**WORK REQUIRED**
Print the lines below from the line with "Happy smiling cheerful" to the line with "view of front" exactly, keeping both ends, and print no pictures.

** Opening SUPPLIED MATERIAL block **

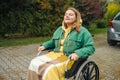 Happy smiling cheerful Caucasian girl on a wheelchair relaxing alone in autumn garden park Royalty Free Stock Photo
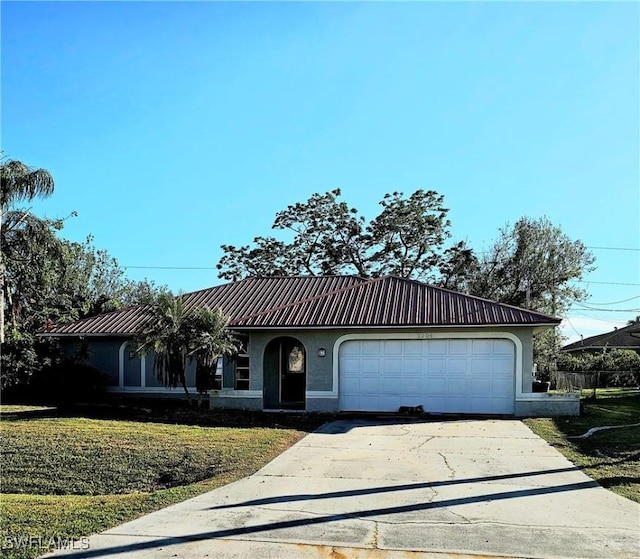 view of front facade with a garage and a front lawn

** Closing SUPPLIED MATERIAL block **
** Opening SUPPLIED MATERIAL block **

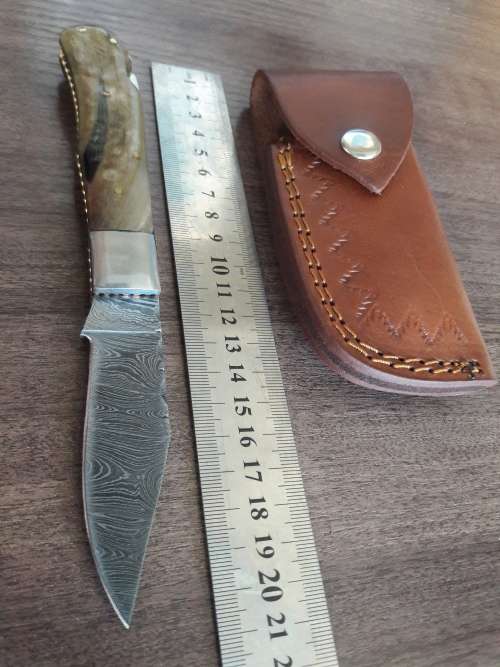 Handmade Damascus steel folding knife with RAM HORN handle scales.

** Closing SUPPLIED MATERIAL block **

**RESULT FOR THIS TASK**
 Happy smiling cheerful Caucasian girl on a wheelchair relaxing alone in autumn garden park Royalty Free Stock Photo
 view of front facade with a garage and a front lawn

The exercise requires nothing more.